Mr O'Keeffe : If it goes to the incident itself, I was made aware of that. I understand it related to an oxygen bottle. I believe it was a seal on it. It led to a small fire that was quickly extinguished. We were alerted immediately. I think I myself went to Shell that afternoon, with one of our inspectors, to understand immediately what had happened there. We were satisfied that the incident was isolated and had been contained, but we did take that view by visiting them immediately on that occasion, and on one another occasion where there was the potential for a fire, to find out how they were responding to it, and part of that was testing.
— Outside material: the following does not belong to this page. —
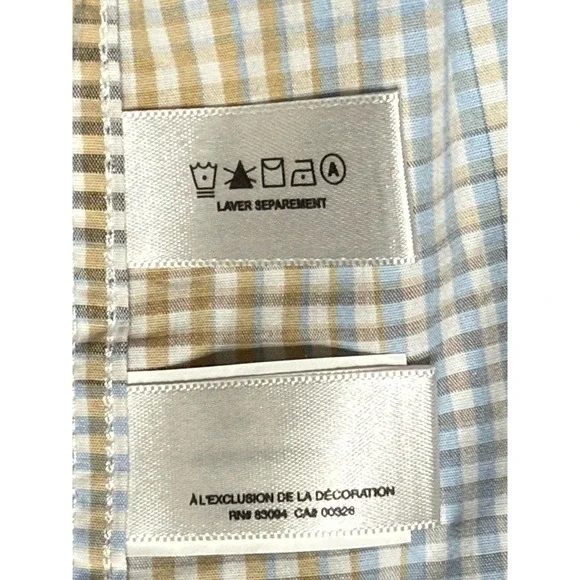 Cutter & Buck Check Dress Shirt Button Down Tan White Gold 2XLT 100% Cotton - Picture 10 of 14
We were satisfied that they had the situation under control, it was isolated, and we didn't believe that that warranted a major investigation.

Senator KETTER: My question then is: what type of incident would warrant a major investigation, if that didn't?
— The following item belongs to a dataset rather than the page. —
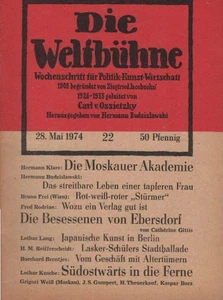 Die Weltbühne. Wochenschrift für Politik / Kunst / Wirtschaft. Heft 22 ; 1974 - - Picture 1 of 1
Mr O'Keeffe : Anything where we felt that the risk gap was not being managed, or an unexpected risk had come out that led to an incident. We have got a set of guidelines, but we've also got judgement that allows us to go and look at things that otherwise would not fit the guidelines.

Senator KETTER: Okay. Thank you very much.
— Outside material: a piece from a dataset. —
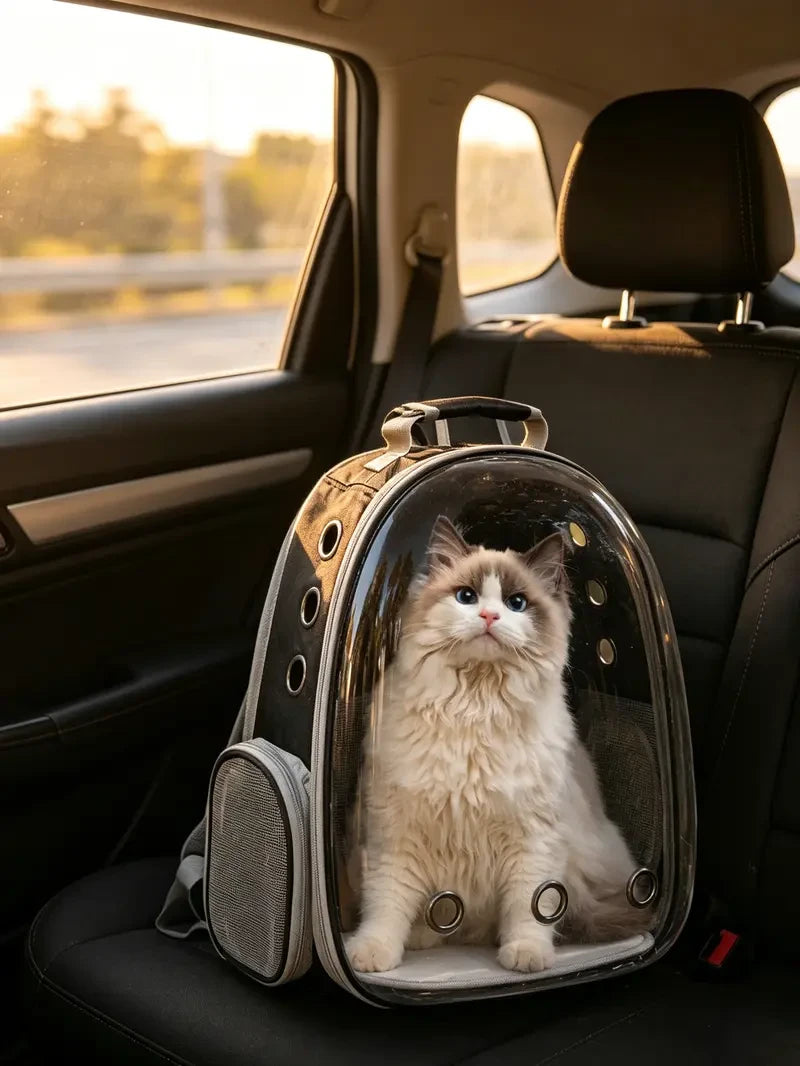Transparent Space Capsule Pet Backpack – Stress-Free Travel for Cats & Small Dogs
Senator PATRICK: Very quickly, Mr Grebe—if you don't know the answers, just say so and you can take them on notice—will the survey vessel be taking a sound velocity profile on at least a daily basis?

Mr Grebe : I'll take it on notice to confirm it's in the environment plan, but most seismic surveys take sound velocity profiles regularly, because they need to to ensure that the data they receive is properly analysed and calibrated.

Senator PATRICK: Normally, they're transmitting down, and the sound velocity profile doesn't affect sound travelling directly downwards, and that's what I'm most interested in. Thank you for taking that on notice. The streamer that follows behind the vessel clearly is a receiver.

Mr Grebe : Streamers, yes—there's more than one.

Senator PATRICK: Yes, streamers—they're receivers?

Mr Grebe : Yes.

Senator PATRICK: Are they capable of passive processing such that they can detect the presence of noises that are made by whales, dolphins and other marine life?

Mr Grebe : I don't believe the technology proposed for passive acoustic monitoring uses in-streamer microphones in this particular instance. That technology is being developed, although that application of passive acoustic monitoring technology is being implemented in some places. I'd have to take on notice if it's—

Senator PATRICK: I can tell you the technology is there. I spent many decades—

Mr Grebe : The technology is there. Putting it into a streamer is new.

Senator PATRICK: Okay. An alternative is putting a sonar buoy over the side with a sonar buoy processor. I can assure you they can also listen for whales. I know your plan talks about visual spotting, and that's clearly a good thing, but it seems to neglect the fact that it is actually very easy to detect marine mammals at long distances using a passive receiver.

Mr Grebe : Yes. I think passive acoustic monitoring is an important control, particularly for species that surface less often, blue whales particularly, which are relevant.

Senator PATRICK: So you say it's important, but you're not aware of—

Mr Grebe : I'll have to take on notice how it's described—

Senator PATRICK: What worries about me about the decision-making process you've gone through is that you're not aware of some of these things.

Mr Grebe : It's a document of about 1,500 pages with appendices, and I'm not—

Senator PATRICK: No, you made a decision on the basis—

Mr Grebe : Not myself, no. I wasn't the decision-maker.

Senator PATRICK: Okay. Well, someone has made a decision on the basis of the document. I've read most of it, and I can't see any passive receiving, hence my question. That's me done. Thank you very much, Chair.

CHAIR: There being no further questions at this time, the Economics Legislation Committee's consideration of the Industry, Innovation and Science portfolio's additional estimates will conclude. I thank Minister Canavan; officers of the Department of Industry, Innovation and Science; and all witnesses who have given evidence to the committee today. Thank you also very much to Hansard for your patience this evening, to Broadcasting and also to the secretariat. I declare the hearing adjourned.